Nocera's device is the first to use inexpensive and abundant catalyst materials that are incorporated into the solar cell. "You just have a piece of silicon coated with catalysts that you can put in a glass of water, and it starts splitting the water into hydrogen and oxygen," he says.

The device is made possible by several recent advances. Nocera first developed a cobalt catalyst capable of splitting oxygen from water in 2008, but the catalyst couldn't be applied directly to silicon because it would block incoming sunlight. For his new device, Nocera applied a thin film of cobalt to the silicon that blocks only 2 to 3 percent of incoming light. Prior to applying the catalyst, he coated the silicon with a thin membrane that protects it from oxidization but allows electrical current to pass through.

A novel nickel-based catalyst also developed recently by Nocera is applied to the other side of the silicon to split hydrogen from water. The nickel catalysts already used in other water splitting devices known as electrolyzers would quickly be rendered useless by phosphate and borate present in the water. The results of initial tests of the device have been submitted for publication. They show that it can operate for at least six days without a drop in efficiency, Nocera says.

John Turner, a research fellow at the National Renewable Energy Laboratory in Golden, Colorado, says the ability to use a virtually transparent cobalt catalyst is a key advance, and the reported efficiency is promising. "He is getting most of the efficiency out of the cell," Turner says. "If he [starts with] an 11 or 12 percent cell, which is commercially available, he should be able to do much better. But we would need to see what he can do once he gets a better cell."

However, Turner says, Nocera will have to demonstrate significantly longer run times—tens of thousands of hours. "They may have the durability, but they need to continue to show it," he says.

Sun Catalytix, a company founded by Nocera, will now work with Indian industrial giant Tata to commercialize the technology for residential use in developing countries.

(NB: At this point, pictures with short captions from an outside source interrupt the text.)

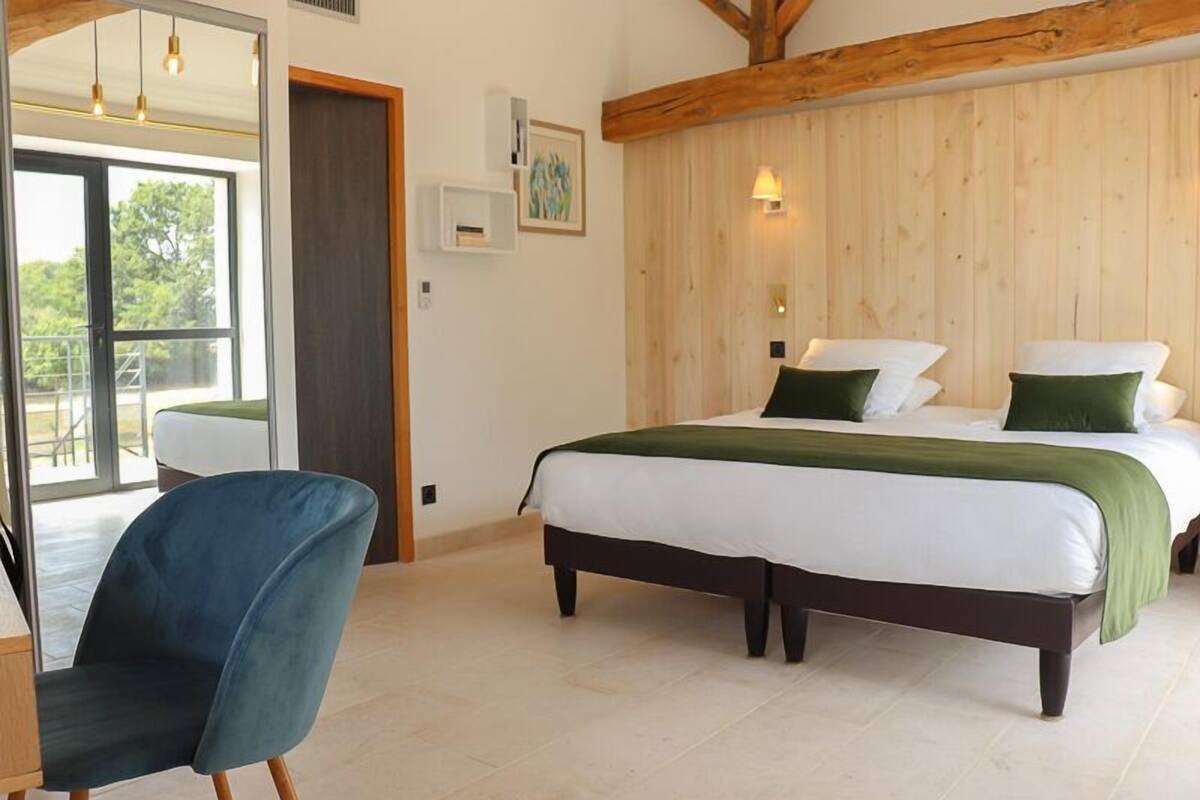 Ein Schlafzimmer mit einem Bett, einem Sessel und einer Holzbalkendecke.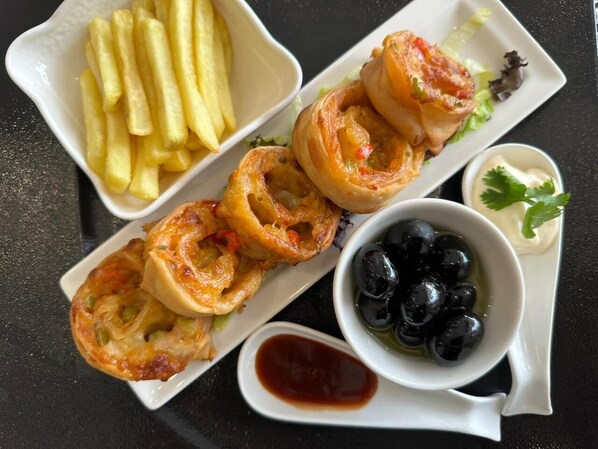 A plate with fried food, a bowl of olives, and a small dish of sauce. - Carawan Al Fahad Hotel (Riyadh)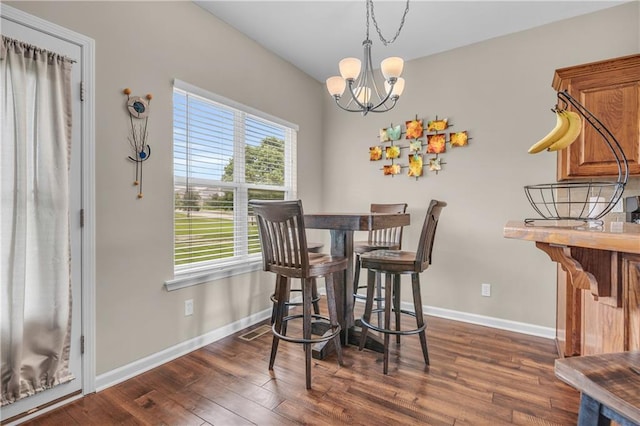 21923 W 116th Pl, Olathe, KS 66061 - dining space with a chandelier, dark wood-style floors, and baseboards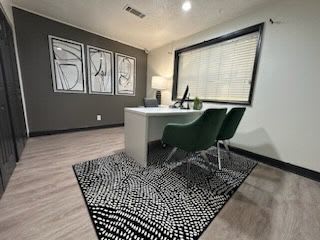 A room with a desk and a chair.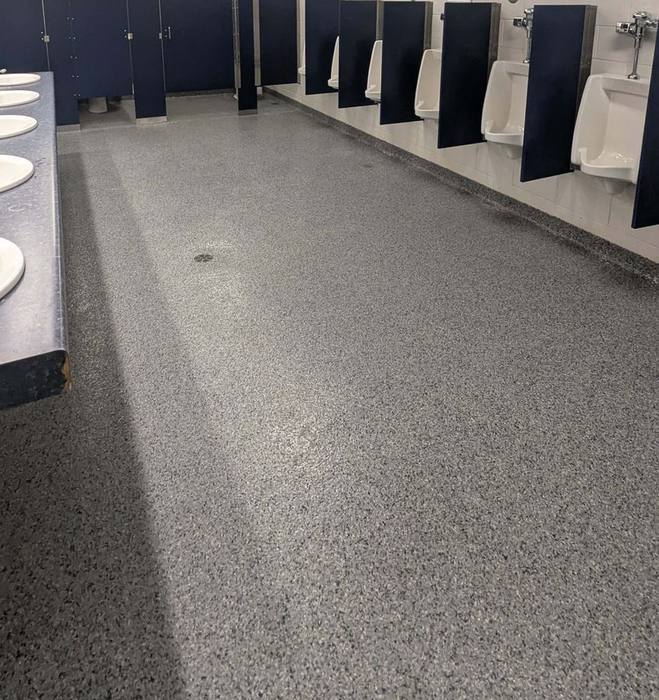 Commercial epoxy flake flooring installed in a restroom facility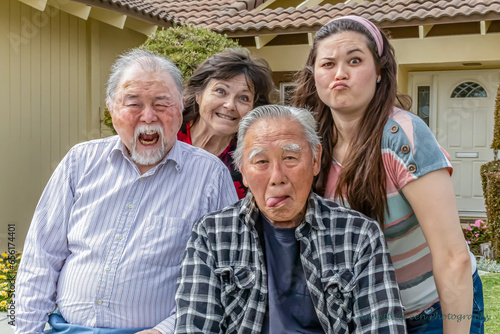 Four family members making faces at the camera, horizontal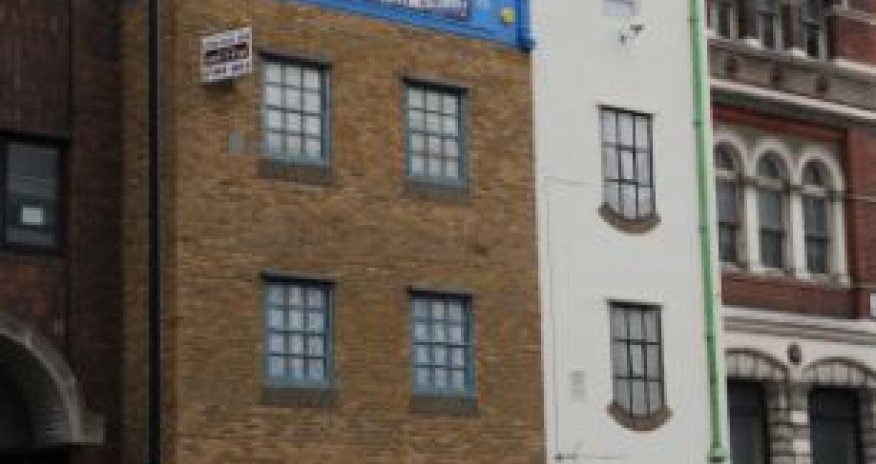 Artist turns the world on its head by creating an upside down building - PHOTO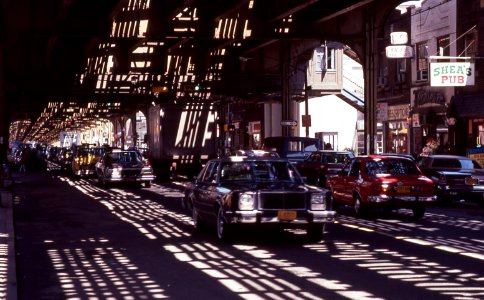 Roosevelt-avenue-queens-nyc cars driving-under-elevated-railway-line 1980s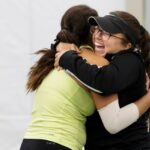 Juana Zambrano, left, celebrates with Valentina Pabon after Zambrano clinched the match for Brenau. (AJ Reynolds/Brenau University)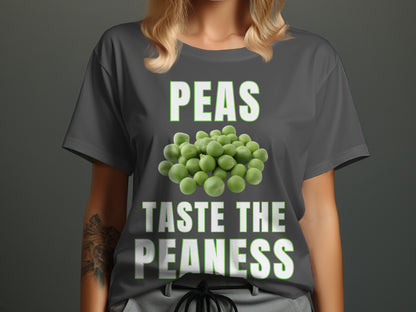 Dark grey t-shirt with white text "PEAS TASTE THE PEANESS" and pile of peas.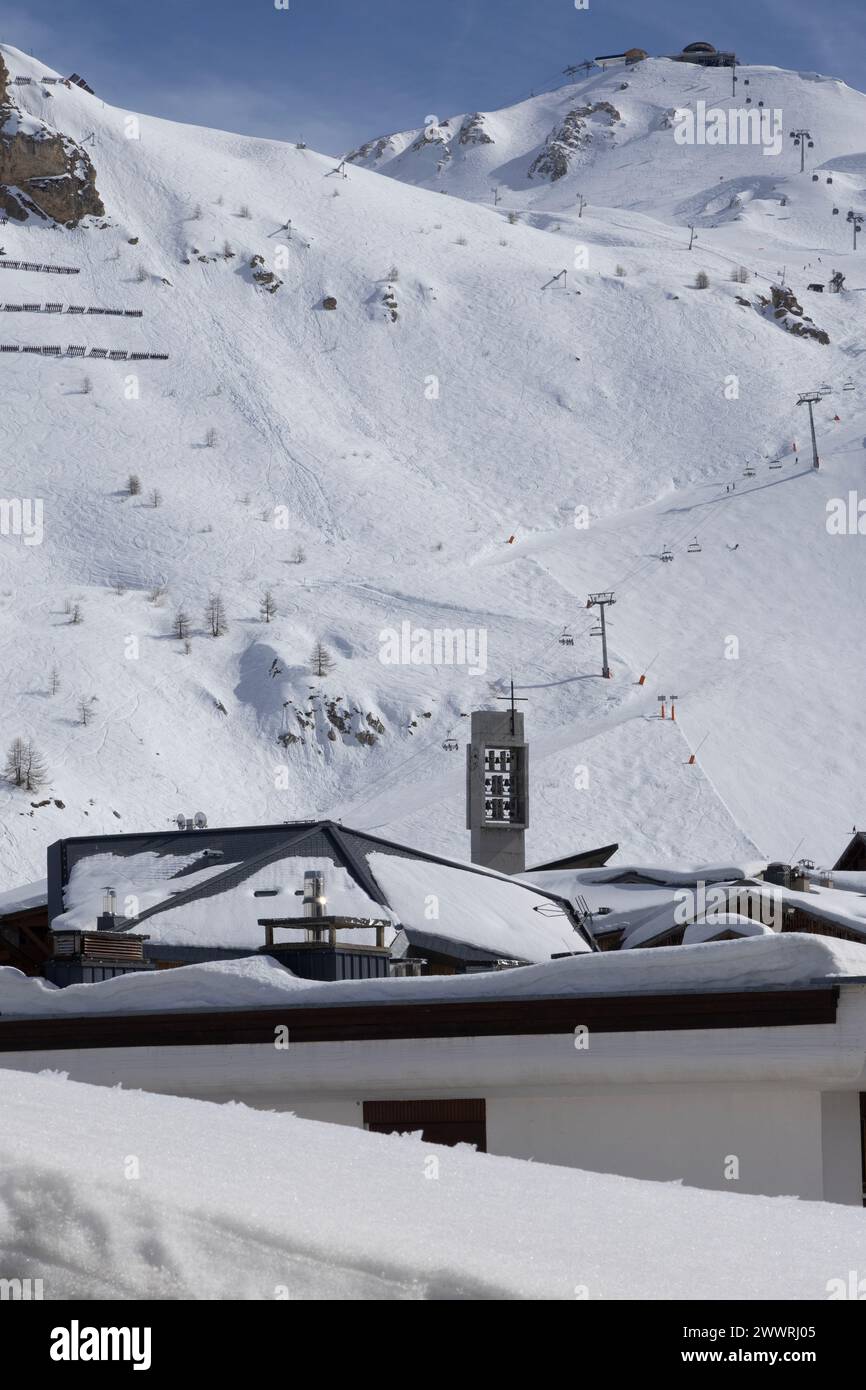 Il campanile della chiesa cattolica romana modernista sbircia sui tetti innevati di Tignes, una stazione sciistica costruita appositamente nelle Alpi francesi. Foto Stock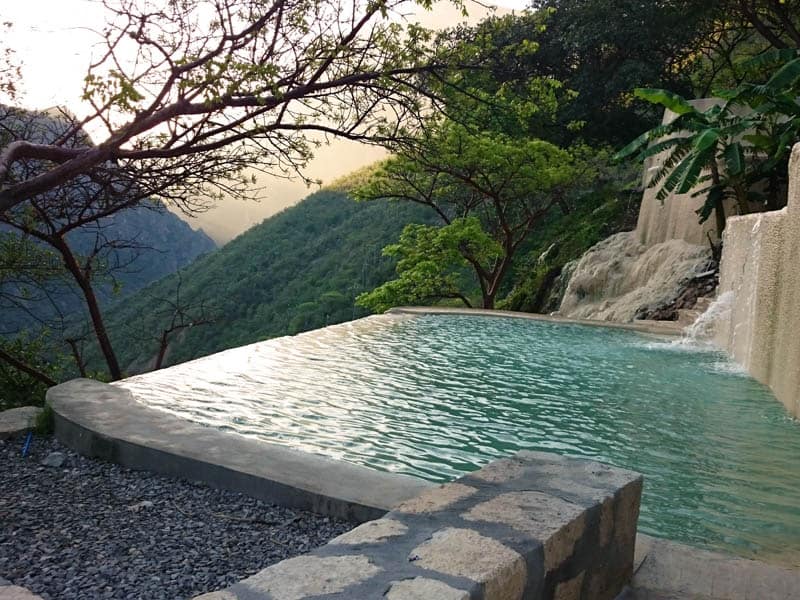 Infinity thermal pool at sunset overlooking the canyon valley with turquoise mineral water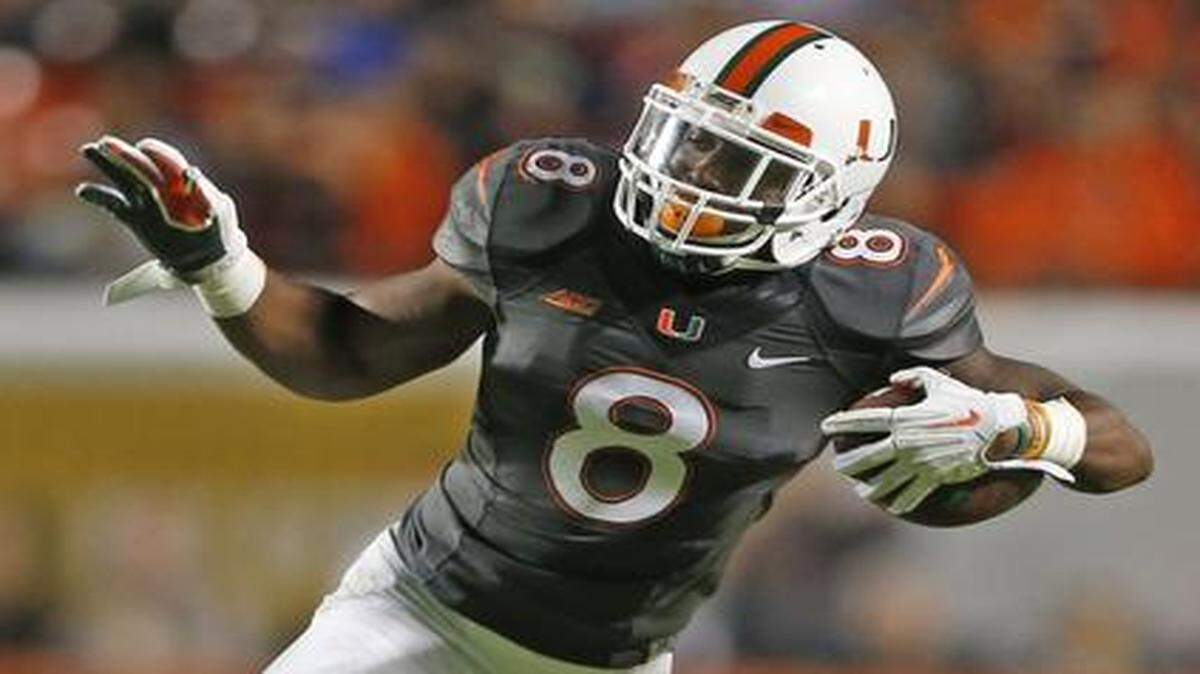 
Miami Hurricanes running back Duke Johnson (8) is tripped up by Pittsburgh Panthers defensive back Avonte Maddox (14) as the University of Miami hosts Pittsburgh at Sun Life Stadium in Miami Gardens on Nov. 29, 2014.

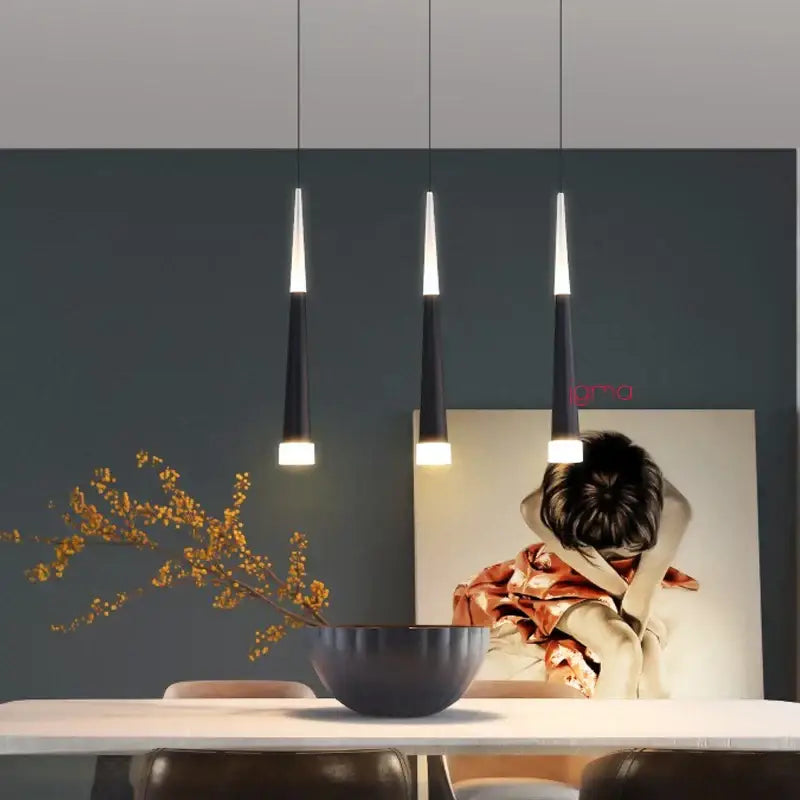 Three sleek modern black and silver conical tube pendant lights with white illuminated tips hang above a kitchen island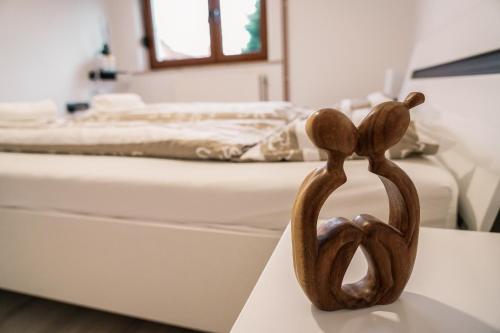 a sculpture of two people standing next to a bed at Apartma Ksela in Mala Nedelja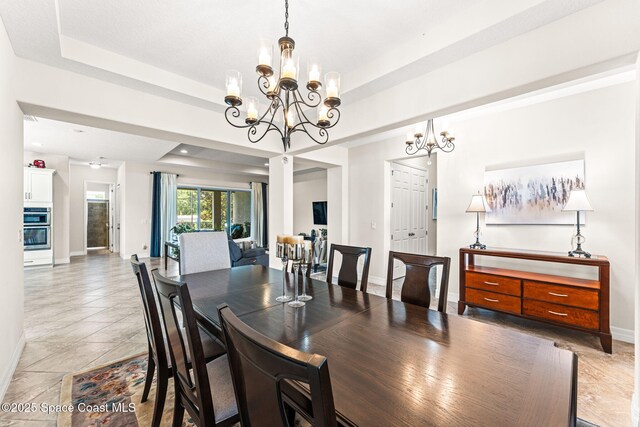 14880 Ellingsworth Ln, Winter Garden, FL 34787 - dining area featuring a chandelier, baseboards, and a tray ceiling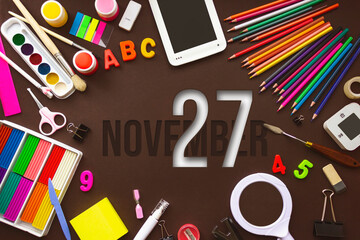 November 27th. Day 27 of month, Calendar date. School notebook and various stationery with calendar day. School and office supplies frame. Autumn month, day of the year concept.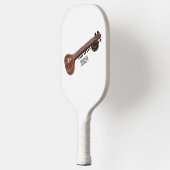 Sitar cartoon illustratie pickleball paddle (Links)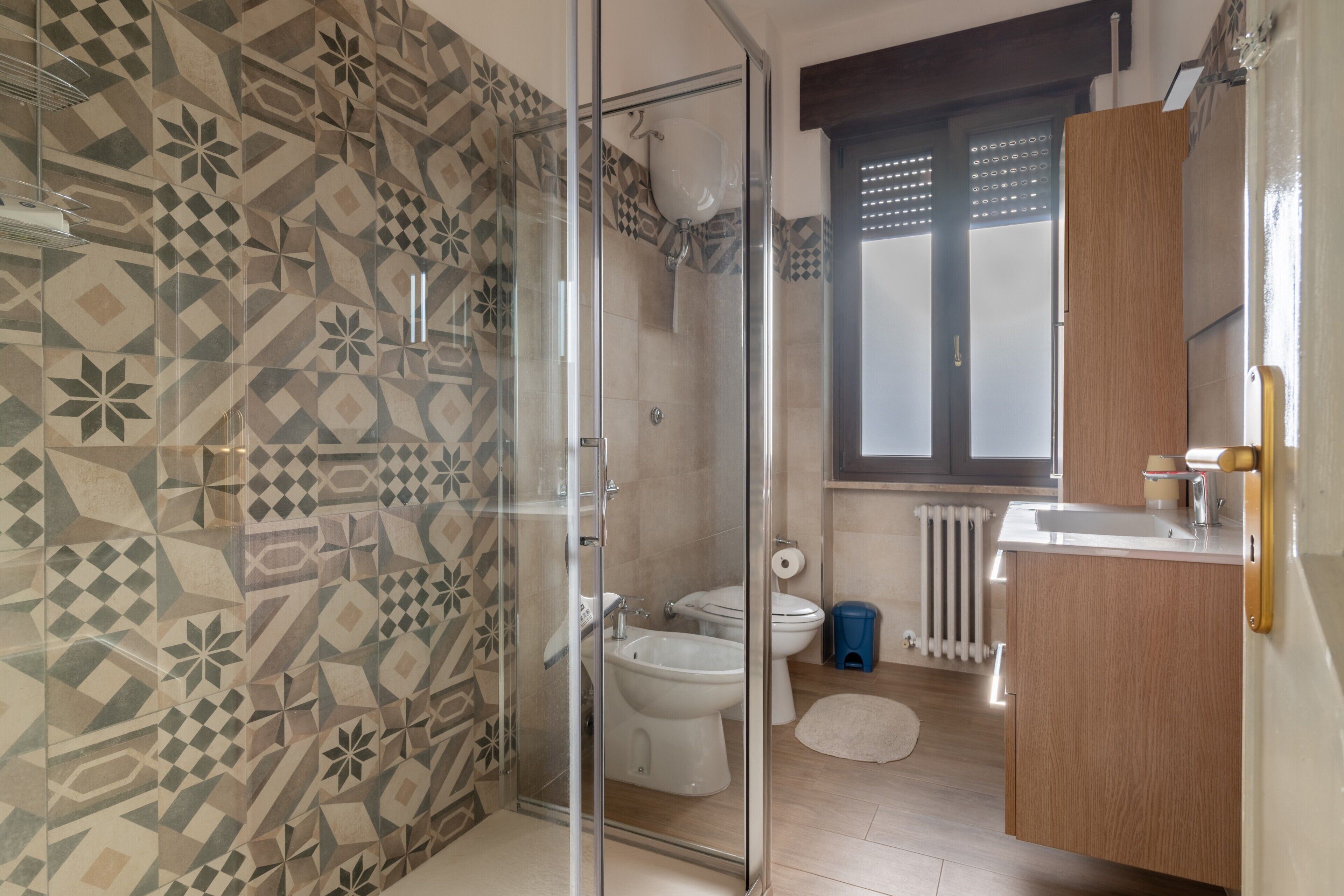 A bathroom with patterned tiles, a glass shower enclosure, a toilet, and a sink with a wooden cabinet.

The companies are already working together to develop another artificial photosynthesis device developed previously by Nocera. This initial device will be based on a 100-watt solar panel and will require a separate electrolyzer connected by wires to the panel. It should sell for around $100.

The device would also have to be paired with a fuel cell to convert stored hydrogen to electricity. Nocera says he hopes to deliver this initial solar-powered hydrogen-producing device to Tata by the end of 2011. The new artificial leaf should be less expensive, but it could be another two and a half years before a commercial prototype would be ready, Nocera says.

James Stevens, a research fellow at Dow Chemical, says the technology still has a long way to go. "There is a lot that has to be done before this could be practical," he says. "The efficiency is low and the capital costs of these things are very high."

Other practical issues, such as safely storing hydrogen gas and preventing the system from freezing in subzero temperatures, are also significant challenges, Stevens says. "We're not really interested in the state of the art as it now stands," he says.